Agricultural Research Service


item Thomson, Steven
item Smith, Lowrey

Submitted to: Applied Engineering in Agriculture
Publication Type: Peer Reviewed Journal
Publication Acceptance Date: 3/16/2000
Publication Date: 5/1/2000
Citation: Thomson, S.J., Smith, L.A. 2000. Evaluation of a control system for isokinetic hi-volume sampling of airborne spray. Applied Engineering in Agriculture. 16(3):309-314.

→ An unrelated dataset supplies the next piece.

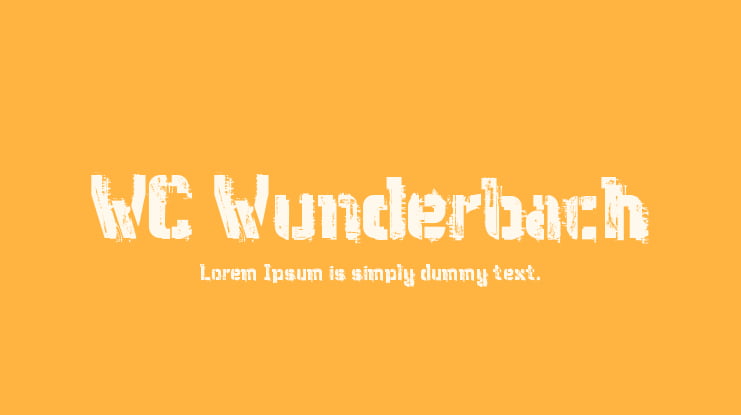 WC Wunderbach Font Family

Interpretive Summary: Accurate sampling of airborne spray droplets is essential for improving efficiency of spray application and reducing drift to non-target areas. Determination of droplet concentrations at various points in the field can yield useful data for better targeting of pests from ground-based or aerial-based spraying equipment. Motor-driven air samplers are one method of sampling airborne spray. To obtain an accurate, representative spray sample, wind speed must be the same as the speed of air traveling through the sampler. Air samplers in use today are not being operated in this manner; they are set at one speed, regardless of wind speed. A controller was designed around a newly developed air sampler to adjust motor speed so air speed through the sampler equals wind speed. The controller was designed to operate at all wind conditions that might be encountered in the field and to work at very low wind speeds; something that cannot be done reliably with present motor control designs. Tests indicate the controller tracked changing air speeds very well and the system responded quickly to changing air speeds. The unit is being used in drift and deposition studies.

Technical Abstract: An isokinetic air sampling system was developed to sample spray drift from ground and aerial application equipment. Two identical airflow sensors were used in the system. One sensor detects airflow due to wind speed and the other detects airflow through the sensor due to sampler motor speed. An isokinetic control system was designed to compare sensor outputs and adjust the sampler motor so air speed through the sampler could track wind speed. The design uses the STAMP II microcontroller and newly developed motor control circuitry for reliable and sustained low speed operation necessary to track low wind speeds. Algorithms were designed to accommodate delays in system response. The controller tracked changing ambient air speeds well and showed good stability at wind speeds normally encountered during field application of agrichemicals.